Expected State Transitions

Operation Initial State Target State Poll Interval Max Wait
Create running 30s 1800s (30min)
Modify Spec running running 60s 1800s (30min)
Delete running/stopped 404 on describe 10s 600s

Changelog

Version Date Changes
2.3.0 2026-06-18 GCL v2 rollout: Enhanced Quality Gate with Phase 6 Hallucination Detection Layer (H, mandatory) and Phase 7 Reflexion Integration. Added pre-execution structural validity check for SDK payloads. Integrated docs/failure-patterns.md for cross-session failure memory. Aligned with AGENTS.md GCL v2 specification (§10-11).
2.2.0 2026-06-04 GCL rollout: Added ## Quality Gate (GCL) chapter wiring this skill into the repository-wide Generator-Critic-Loop. Added references/rubric.md (5-dimension rubric, instance-level + ES REST paths, ES-specific rules for wildcard DELETE /<index>, match_all queries in _update_by_query / _delete_by_query, _forcemerge max_num_segments=1) and references/prompt-templates.md (G/C/O prompt skeletons). max_iterations=2. safety_confirm_required=true for delete, restore, node count / storage shrink, DELETE /<index>, _close, _delete_by_query, _forcemerge max_num_segments=1, snapshot deletion.
2.1.0 2026-06-03 Refactored: Moved quick inspection snippets, operational best practices to references/. SKILL.md is now concise (<300 lines).
2.0.0 2026-06-03 Breaking: Corrected cli_applicability to sdk-only. Added verified API field names.
1.0.0 2026-06-03 Initial version (incorrectly assumed CLI support)

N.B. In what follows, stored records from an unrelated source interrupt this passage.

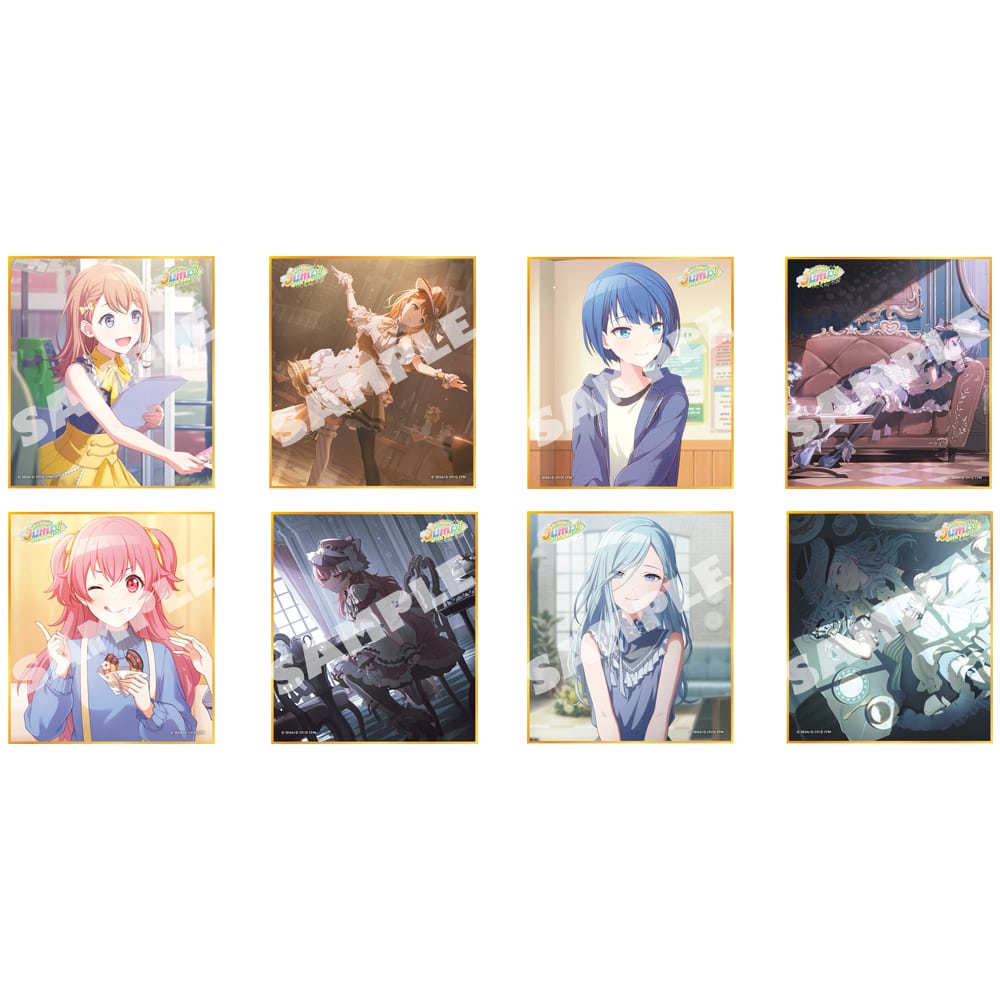 Project Sekai Vol.61B All ways Jump! with you mini shikishi, all 8 possible designs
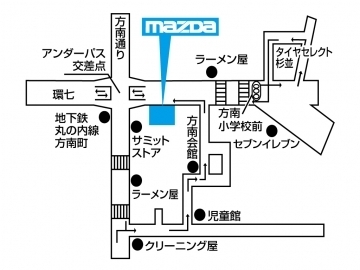 マップ 方南町店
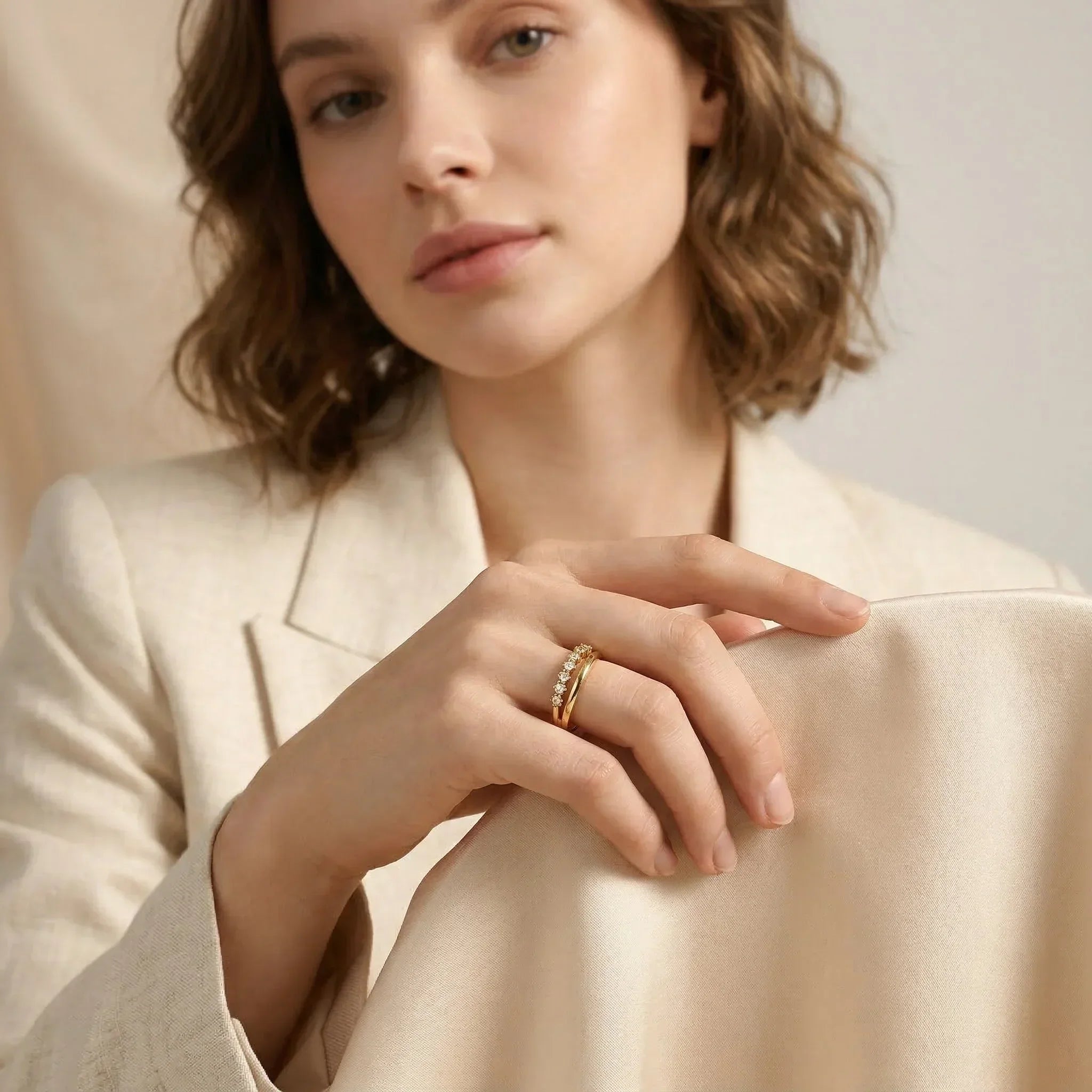Adeline Diamond Gold Ring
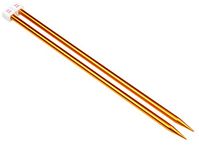 Coopay Knitting Needles 9.0mm x 35cm, Metal Knitting Pins Beginners Professional Knitters, Lightweight Knitting Needles for Arthritic Hands, Long Needles for Jumpers Blankets Large Projects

Execution Flows (Agent-Readable)

Every operation: Pre-flight → Execute (SDK only) → Validate → Recover.

Operation: Create Elasticsearch Instance

Pre-flight: SDK installed, credentials present, region valid, VPC/subnet exists (use jdcloud-vpc-ops).

import os
from jdcloud_sdk.core.credential import Credential
from jdcloud_sdk.services.es.client.EsClient import EsClient
from jdcloud_sdk.services.es.apis.CreateInstanceRequest import CreateInstanceRequest, CreateInstanceParameters

credential = Credential(os.environ["JDC_ACCESS_KEY"], os.environ["JDC_SECRET_KEY"])
client = EsClient(credential)

params = CreateInstanceParameters(
    regionId="{{user.region}}",
    instance={
        "instanceName": "{{user.instance_name}}",
        "instanceClass": "{{user.instance_class}}",
        "instanceVersion": "{{user.es_version}}",
        "vpcId": "{{user.vpc_id}}",
        "subnetId": "{{user.subnet_id}}",
        "azId": "{{user.az_id}}",
        "nodeSpec": {
            "nodeClass": "{{user.data_node_class}}",
            "nodeCount": {{user.data_node_count|default:3}},
            "nodeDiskGB": {{user.data_node_disk_gb}},
            "nodeDiskType": "{{user.data_node_disk_type}}"
        },
        "kibana": True,
        "kibanaSpec": {"kibanaClass": "{{user.kibana_class}}"}
    }
)
resp = client.send(CreateInstanceRequest(parameters=params))
instance_id = resp.result["instanceId"]

Validate: Poll describeInstance until instanceStatus == "running" (max 30 min, 30s interval). On error/deleted → HALT.

Failure recovery:

Error Retries Backoff Action
InvalidParameter / 400 0–1 Fix args per OpenAPI; retry once
QuotaExceeded 0 HALT; user requests quota increase
InsufficientBalance 0 HALT; user tops up
ResourceAlreadyExists 0 Ask reuse vs new name
INVALID_ARGUMENT (region) 0 Use valid regions only
Throttling / 429 3 exponential Respect Retry-After
InternalError / 5xx 3 2s, 4s, 8s Retry; HALT with requestId if persists

Operation: Describe / List Instances

from jdcloud_sdk.services.es.apis.DescribeInstanceRequest import DescribeInstanceRequest, DescribeInstanceParameters
from jdcloud_sdk.services.es.apis.DescribeInstancesRequest import DescribeInstancesRequest, DescribeInstancesParameters

# Single instance
resp = client.send(DescribeInstanceRequest(parameters=DescribeInstanceParameters(
    regionId="{{user.region}}", instanceId="{{user.instance_id}}"
)))
instance = resp.result["instance"]

# List (all instances in region)
params = DescribeInstancesParameters(regionId="{{user.region}}")
params.setPageNumber(1)
params.setPageSize(100)
resp = client.send(DescribeInstancesRequest(parameters=params))
instances = resp.result.get("instances") or []  # may be null!
total = resp.result.get("totalCount", len(instances))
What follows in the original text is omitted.